On Sun, 22 Feb 2026 16:29:54 +0100
Daniel Gregory <[email protected]> wrote:

> The RISC-V Zbc extension adds instructions for carry-less multiplication
> we can use to implement CRC in hardware. This patch set contains two new
> implementations:
> 
> - one in lib/hash/rte_crc_riscv64.h that uses a Barrett reduction to
>   implement the four rte_hash_crc_* functions
> - one in lib/net/net_crc_zbc.c that uses repeated single-folds to reduce
>   the buffer until it is small enough for a Barrett reduction to
>   implement rte_crc16_ccitt_zbc_handler and rte_crc32_eth_zbc_handler
> 
> My approach is largely based on the Intel's "Fast CRC Computation Using
> PCLMULQDQ Instruction" white paper
> https://www.researchgate.net/publication/263424619_Fast_CRC_computation
> and a post about "Optimizing CRC32 for small payload sizes on x86"

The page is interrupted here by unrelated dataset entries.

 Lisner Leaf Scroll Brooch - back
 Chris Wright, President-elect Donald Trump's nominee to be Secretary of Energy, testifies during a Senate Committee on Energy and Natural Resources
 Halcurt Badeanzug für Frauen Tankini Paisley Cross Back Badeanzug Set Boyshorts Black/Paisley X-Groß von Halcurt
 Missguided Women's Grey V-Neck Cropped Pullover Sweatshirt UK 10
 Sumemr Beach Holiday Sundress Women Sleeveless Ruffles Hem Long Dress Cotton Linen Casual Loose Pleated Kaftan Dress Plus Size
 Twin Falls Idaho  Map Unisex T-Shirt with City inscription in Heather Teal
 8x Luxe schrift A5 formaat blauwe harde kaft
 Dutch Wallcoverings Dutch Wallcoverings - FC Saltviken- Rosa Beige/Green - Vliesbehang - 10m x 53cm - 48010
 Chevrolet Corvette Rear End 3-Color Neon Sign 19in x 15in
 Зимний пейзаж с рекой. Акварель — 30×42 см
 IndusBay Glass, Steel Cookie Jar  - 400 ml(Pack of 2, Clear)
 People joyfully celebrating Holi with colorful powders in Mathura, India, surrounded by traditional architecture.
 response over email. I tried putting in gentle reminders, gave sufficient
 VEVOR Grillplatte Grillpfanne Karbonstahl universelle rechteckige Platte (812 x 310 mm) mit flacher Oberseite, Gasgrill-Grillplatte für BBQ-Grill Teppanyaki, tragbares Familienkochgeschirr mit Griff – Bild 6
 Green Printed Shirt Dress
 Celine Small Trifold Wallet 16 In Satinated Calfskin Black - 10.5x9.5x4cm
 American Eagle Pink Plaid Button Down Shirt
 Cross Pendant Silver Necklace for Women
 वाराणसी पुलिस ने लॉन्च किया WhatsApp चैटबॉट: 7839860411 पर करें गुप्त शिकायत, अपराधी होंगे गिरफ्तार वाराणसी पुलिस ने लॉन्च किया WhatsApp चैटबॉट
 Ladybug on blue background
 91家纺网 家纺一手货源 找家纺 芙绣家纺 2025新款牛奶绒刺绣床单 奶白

> https://mary.rs/lab/crc32/
> 
> Whether these new implementations are enabled is controlled by new
> build-time and run-time detection of the RISC-V extensions present in
> the compiler and on the target system.
> 
> I have carried out some performance comparisons between the generic
> table implementations and the new hardware implementations. Listed below
> is the number of cycles it takes to compute the CRC hash for buffers of
> various sizes (as reported by rte_get_timer_cycles()). These results
> were collected on a Kendryte K230 and averaged over 20 samples:
> 
> |Buffer    | CRC32-ETH (lib/net) | CRC32C (lib/hash)   |
> |Size (MB) | Table    | Hardware | Table    | Hardware |
> |----------|----------|----------|----------|----------|
> |        1 |   155168 |    11610 |    73026 |    18385 |
> |        2 |   311203 |    22998 |   145586 |    35886 |
> |        3 |   466744 |    34370 |   218536 |    53939 |
> |        4 |   621843 |    45536 |   291574 |    71944 |
> |        5 |   777908 |    56989 |   364152 |    89706 |
> |        6 |   932736 |    68023 |   437016 |   107726 |
> |        7 |  1088756 |    79236 |   510197 |   125426 |
> |        8 |  1243794 |    90467 |   583231 |   143614 |
> 
> These results suggest a speed-up of lib/net by thirteen times, and of
> lib/hash by four times.
> 
> I have also run the hash_functions_autotest benchmark in dpdk_test,
> which measures the performance of the lib/hash implementation on small
> buffers, getting the following times:
> 
> | Key Length | Time (ticks/op)     |
> | (bytes)    | Table    | Hardware |
> |------------|----------|----------|
> |          1 |     0.47 |     0.85 |
> |          2 |     0.57 |     0.87 |
> |          4 |     0.99 |     0.88 |
> |          8 |     1.35 |     0.88 |
> |          9 |     1.20 |     1.09 |
> |         13 |     1.76 |     1.35 |
> |         16 |     1.87 |     1.02 |
> |         32 |     2.96 |     0.98 |
> |         37 |     3.35 |     1.45 |
> |         40 |     3.49 |     1.12 |
> |         48 |     4.02 |     1.25 |
> |         64 |     5.08 |     1.54 |
> 
> v4:
> - rebase on 26.03-rc1
> - RISC64 -> RISCV64 in test_hash.c (Stephen Hemminger)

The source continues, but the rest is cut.